Global financial implications of transitioning to low-carbon economy

Sustainable finance and central banking expert Professor Dirk Schoenmaker from the Netherlands is giving a free public lecture at Victoria University as the 2017 Reserve Bank of New Zealand Professorial Fellow in Monetary and Financial Economics.

His lecture, ‘Climate Change and Financial Sustainability’, will examine the global financial implications of transitioning to a low-carbon economy.

Keeping global warming below 2°C will require substantial reductions in global greenhouse gas emissions. Professor Schoenmaker will consider a benign scenario where the transition to a low-carbon economy occurs gradually, adjustment costs are manageable and the repricing of carbon assets is not likely to entail systemic risk. In an adverse scenario the transition occurs late and abruptly, affecting systemic risk via various channels.

Professor Schoenmaker will consider how policy could aim for enhanced disclosure of the carbon intensity of non-financial firms. The related exposures of financial firms could then be stress-tested under the conditions of an adverse scenario.

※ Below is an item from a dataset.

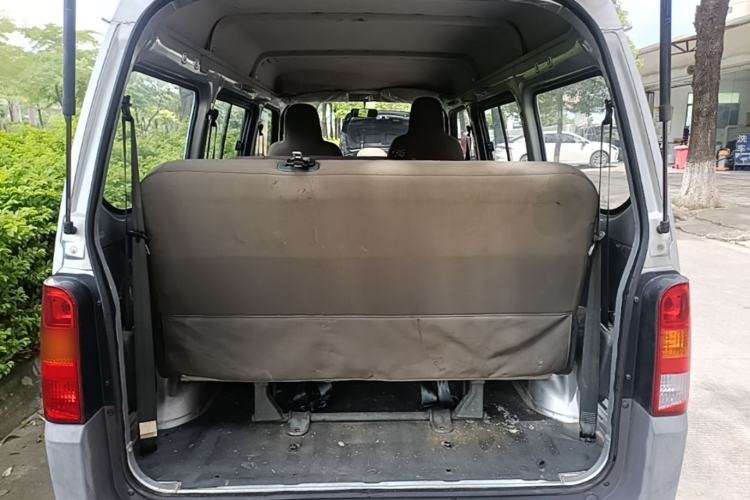 Used Wuling Zhiguang 2015 1.2L Practical LS-I Model Trunk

What: ‘Climate Change and Financial Stability’ Reserve Bank of New Zealand public lecture
Wednesday 15 November 2017, reception from 5.30pm, lecture 6-7pm
Where: Lecture Theatre 2, Rutherford House, 23 Lambton Quay, Victoria University, Pipitea Campus
RSVP: email Jay Curtis on or phone 04-463 5188.

Professor Dirk Schoenmaker bio
Professor Schoenmaker is a Professor of Banking and Finance at the Rotterdam School of Management, Erasmus University, and a Senior Fellow at the Brussels-based think tank Bruegel. He is also a member of the Advisory Scientific Committee of the European Systemic Risk Board at the European Central Bank, and a Research Fellow at the Centre for European Policy Research. He has published in the areas of central banking, financial supervision and stability, European financial integration and sustainable finance.

About the Professorial Fellow in Monetary and Financial Economics
Each year, Victoria University and the Reserve Bank of New Zealand bring a Professorial Fellow in Monetary and Financial Economics to Wellington to enhance the development of monetary and financial policy in New Zealand by advancing thinking and public debate.